En entrant dans l’Avent, nous avons pour perspective Noël, la fête et la messe qui sera pour beaucoup leur seule venue de l’année à l’Eglise. Ils viendront avec vous, pour vous faire plaisir, vous qui croyez en Dieu. A la Toussaint, j’ai célébré les obsèques d’une femme, mère et grand-mère très aimante, deux ans après la mort de son mari. Les enfants n’ont plus voulu de messe : ils m’ont dit ‘c’était la dernière croyante de la famille’ (sic). Une des petites-filles était voilée.

Nous avons quatre semaines pour nous y préparer. Pour penser à ce que nous attendons de notre famille et ce qu’elle attend de nous.

La famille chrétienne est une communauté de vie et d’amour, fondée sur l’égalité de l’homme et de la femme, des grands-parents et des petits-enfants, vivant dans le respect mutuel et dans « un effort constant » d’attention et de service. Le Pape Jean-Paul II a écrit en 1981 une exhortation Familiaris consortio sur le rôle de la famille chrétienne dans le monde d’aujourd’hui. Il y détaille quatre devoirs principaux, parfaits pour ces quatre dimanches qui nous conduiront à Noël, la fête de la famille.

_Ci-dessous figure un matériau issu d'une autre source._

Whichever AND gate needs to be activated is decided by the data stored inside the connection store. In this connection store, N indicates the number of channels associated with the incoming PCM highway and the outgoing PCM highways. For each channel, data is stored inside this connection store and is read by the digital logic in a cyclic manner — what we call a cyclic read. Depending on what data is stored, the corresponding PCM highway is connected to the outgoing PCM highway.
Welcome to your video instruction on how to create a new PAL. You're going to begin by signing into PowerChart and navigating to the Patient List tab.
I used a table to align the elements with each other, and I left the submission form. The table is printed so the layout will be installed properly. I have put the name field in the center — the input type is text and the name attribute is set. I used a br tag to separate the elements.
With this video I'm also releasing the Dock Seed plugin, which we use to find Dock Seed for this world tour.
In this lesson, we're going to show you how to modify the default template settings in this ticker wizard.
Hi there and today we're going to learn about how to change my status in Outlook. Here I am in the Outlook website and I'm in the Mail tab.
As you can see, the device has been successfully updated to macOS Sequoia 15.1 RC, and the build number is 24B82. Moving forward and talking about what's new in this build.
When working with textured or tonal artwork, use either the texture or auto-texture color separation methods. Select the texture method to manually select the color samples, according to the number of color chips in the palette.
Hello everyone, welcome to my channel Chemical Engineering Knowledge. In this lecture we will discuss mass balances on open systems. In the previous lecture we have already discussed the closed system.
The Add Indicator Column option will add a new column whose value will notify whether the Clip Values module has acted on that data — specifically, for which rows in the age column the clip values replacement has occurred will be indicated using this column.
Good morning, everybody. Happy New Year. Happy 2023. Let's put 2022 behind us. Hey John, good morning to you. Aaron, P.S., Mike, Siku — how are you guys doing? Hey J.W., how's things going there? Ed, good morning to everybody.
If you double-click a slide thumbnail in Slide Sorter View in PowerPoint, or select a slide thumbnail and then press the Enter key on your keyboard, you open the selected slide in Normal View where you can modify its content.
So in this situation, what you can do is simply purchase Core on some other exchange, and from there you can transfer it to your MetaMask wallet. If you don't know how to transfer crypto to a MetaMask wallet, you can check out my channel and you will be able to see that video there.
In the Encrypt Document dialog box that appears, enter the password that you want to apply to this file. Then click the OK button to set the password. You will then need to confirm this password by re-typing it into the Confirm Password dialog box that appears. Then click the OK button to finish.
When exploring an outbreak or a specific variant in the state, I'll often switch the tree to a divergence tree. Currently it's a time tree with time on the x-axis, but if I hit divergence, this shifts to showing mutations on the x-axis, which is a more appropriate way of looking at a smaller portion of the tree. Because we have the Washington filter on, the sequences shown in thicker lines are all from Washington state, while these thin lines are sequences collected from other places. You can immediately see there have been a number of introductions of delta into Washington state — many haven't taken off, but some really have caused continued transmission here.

Le premier devoir de la famille est la formation d’une communauté de personnes, communauté de vie et d’amour. Cela s’accomplit « à travers les soins et l’amour donnés aux jeunes enfants, aux malades, aux personnes âgées ; à travers les services réciproques de tous les jours ; dans le partage des biens, des joies et des souffrances » (Familiaris consortio n. 21).

Il n’y a rien de plus formateur que de s’occuper des autres, les plus faibles et les plus proches. C’est la meilleure formation à la louange de Dieu, et réciproquement.

Voilà un bon programme pour cette première semaine de l’Avent : où en sommes-nous de la communion en famille, l’unité dans l’égalité de traitement et de dignité ? Comment est-ce que l’amour s’y manifeste au quotidien, quelles sont les réparations, les réconciliations à mener, pour préparer la venue du Seigneur ?

La famille est moins une origine qu’une espérance.